O académico disse que a sociedade está a evoluir e que o nosso papel é deixar abertura e a liberdade as pessoas.
“Não podemos manipular e alterar a maneira de pensar das pessoas, porque uma das coisas que começámos a verificar é que dentro da sociedade dos oprimidos e durante o tempo colonial, a mais oprimida era a mulher. Mesmo o homem oprimido, saia do seu emprego, do lugar onde estivesse, onde era maltratado pelo colono e, chegado à casa, maltratava a mulher”, referiu.
Óscar Monteiro explicou que não é especialista em matéria sobre violência doméstica, mas é isto que acontecia. Questiona como é que a sociedade hoje pode ser igual, como é que a sociedade de luta de libertação podia se desenvolver de forma igual “se nós continuássemos dentro da nossa organização a oprimir as mulheres”.
Disse que em 1963 o Comité Central da Frelimo preocupou-se com a participação da mulher moçambicana na revolução e condenou a tendência que existia entre muitos revolucionários, que sistematicamente excluíam as mulheres na discussão dos problemas, durante a luta.
“Eles diziam que elas podiam fazer pequenas coisas, mas participarem nas grandes discussões não”, lembrou.
Segundo Óscar Monteiro, a direcção da Frelimo teve que tomar medidas adequadas para garantir essa participação.
O Comité Central constatou que sob o regime colonial a mulher moçambicana estava submetida à opressão, mas ela estava também submetida à discriminação económica e social em relação aos homens.
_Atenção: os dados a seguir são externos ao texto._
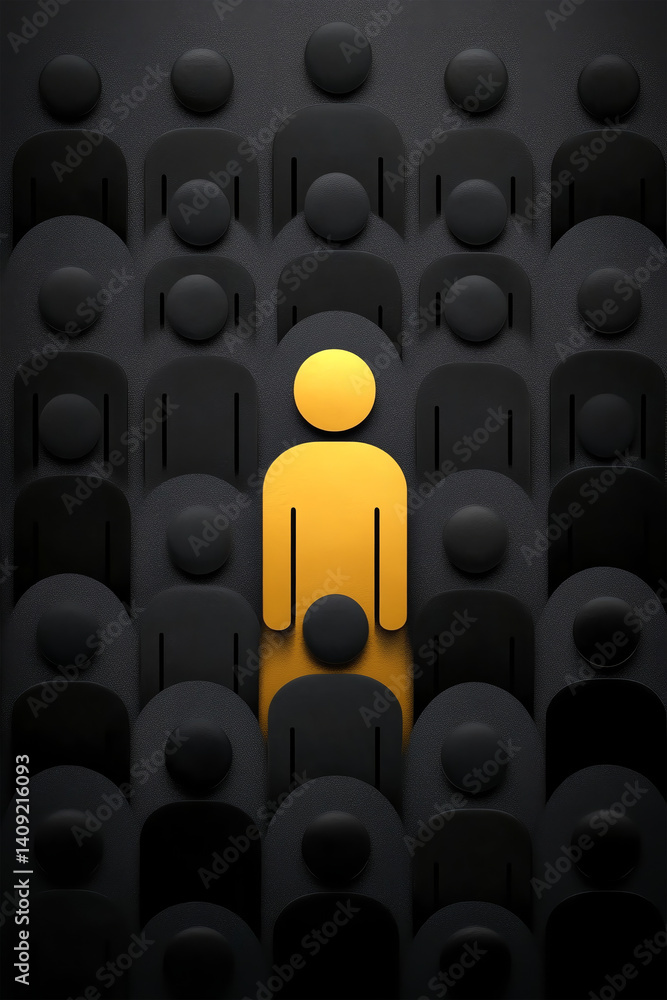 Obraz premium Be the one who dares to stand out in a world of sameness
“Eu tive a ocasião, não passa muito tempo, de ter acesso a uma acta que não vou relevar os nomes que estão lá, sobre a participação da mulher na luta de libertação. Na mesma acta estão posições de alguns camaradas conhecidos por nós que disseram, camaradas, vocês podem fazer o que quiseram, mas vos garanto que no dia em que a mulher participar na luta será o nosso fim; vocês conhecem essas pessoas, sempre foram dedicadas à causa do povo, mas com estes preconceitos, que até existem sobre outras pessoa”, salientou.
Fez ainda questão de fazer saber que assistiu em 1967 discussões acesas, quando treinava em Nachingueia. Na altura estava a receber treinos o segundo grupo do Destacamento Feminino, no qual se integrava a conceituada antiga combatente Deolinda Guezimane.
“Entre nós, quadros, as conversas eram muito acesas, eram coisas como: querem trazer as mulheres, elas não têm capacidades, acham que elas são capazes de discutir alguma coisa sobre a luta de libertação?”.
De acordo com Óscar Monteiro, em 1966 já havia sido tomada esta decisão histórica pela Frente de Libertação de Moçambique, sob a direcção do Presidente Eduardo Mondlane, ao se afirmar que todos os membros da Frelimo, homens e mulheres, tem mesmos direitos e deveres, daí que devem participar em todas as discussões dos problemas que interessavam a Frelimo, no mesmo plano de igualdade, aliás, esta foi uma resolução e vejo essa decisão precursora, segundo anotou.
“Hoje falamos que o nosso parlamento tem muitas mulheres, falamos que o Governo tem governadoras provinciais e administradoras distritais, como resultado da determinação da Frelimo segundo a qual sejam feitos todos os esforços necessários para que todos os órgãos de diferentes escalões da Frelimo, tenham na sua composição mulheres. Esta decisão foi tomada em Outubro de 1966”, salienta Óscar Monteiro, acrescentando que alguns princípios fazem parte da nossa vida.